Connecting Through Stories: Seventh-Graders and Fourth-Graders Come Together to Create a 'Quilt'
Story by Kelly Howes
“There will be times when you walk into a room and no one there is quite like you.”
This is the first sentence of The Day You Begin, a picture book by Jacqueline Woodson, the award-winning author of the celebrated memoir-in-verse Brown Girl Dreaming and other books for children, young adults and adults. This beautifully illustrated, lyrical story features a diverse cast of characters who converge in a classroom on the first day of school and learn that differences make people wonderfully unique, that similarities unite them, and that sharing stories can help them connect with each other.

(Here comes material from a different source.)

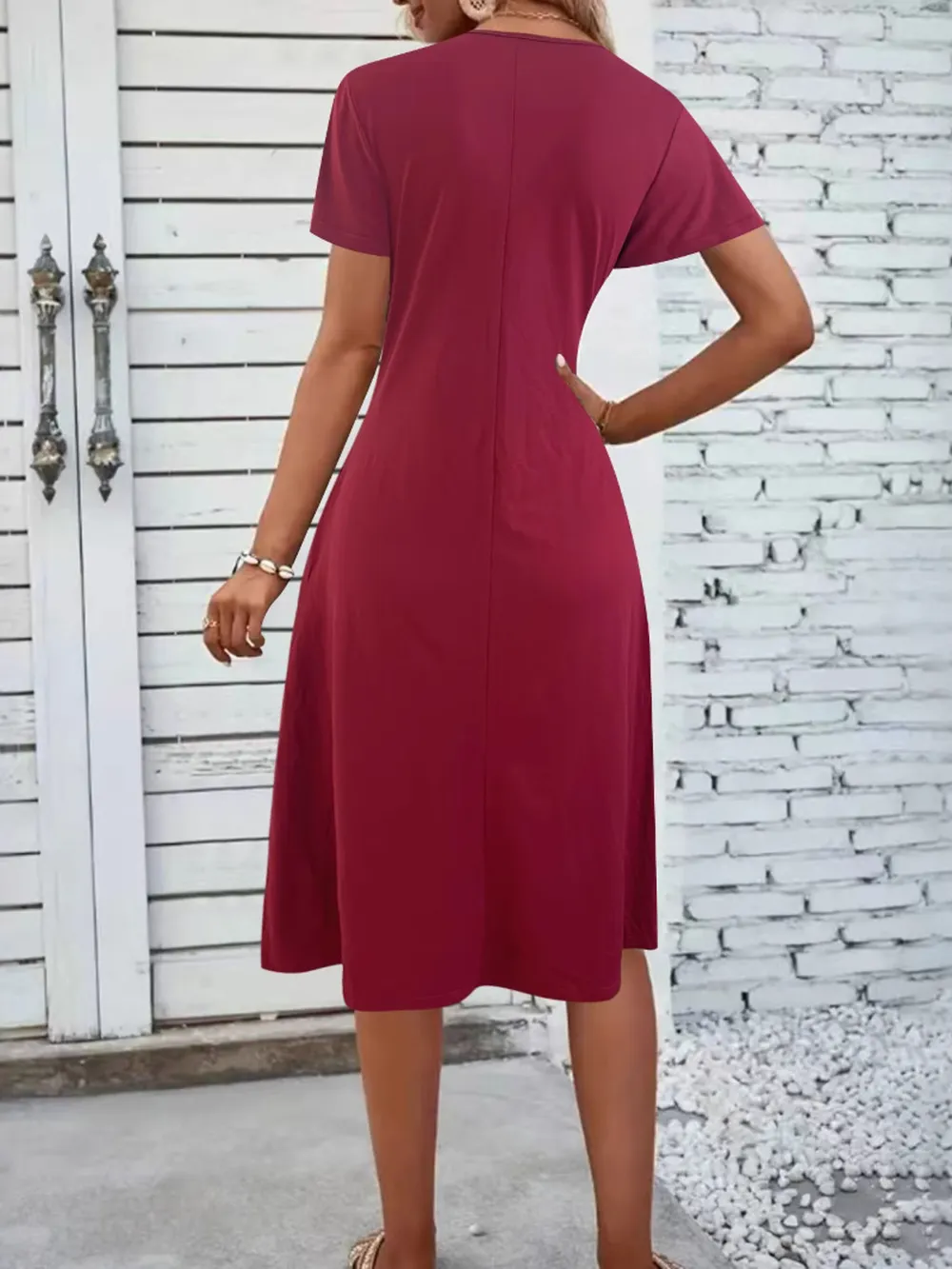 V-Neck Short Sleeve Midi Dress, image 6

In their seventh-grade classrooms, Durham Academy students encountered this book as the center of their first seminar discussion of the school year. The seventh-graders’ positive response to the book and sensitive analysis of its messages led me and my language arts teaching partner, Rachel Cummings, to consider an extension activity that would reach across the distance between the Middle and Lower Schools and bring younger and older students together for a fun and meaningful experience.
Once they leave the friendly halls of the Lower School, the location of DA’s Middle School can make it challenging for students to easily venture back. They continue to cherish their memories of simpler times and especially of beloved teachers, but the geography of campuses 2 miles apart means that interactions between Middle School students and younger students can be somewhat rare.
As teachers, we are well aware that one of the best paths toward learning is provided by the necessity of teaching something to others. The central lesson of The Day You Begin is that by actively embracing differences, celebrating similarities and sharing stories, we can forge connections with others in ways that make us even stronger versions of ourselves. What better way to reinforce values of empathy and inclusion than to give our seventh-graders an opportunity to teach fourth-grade students that lesson?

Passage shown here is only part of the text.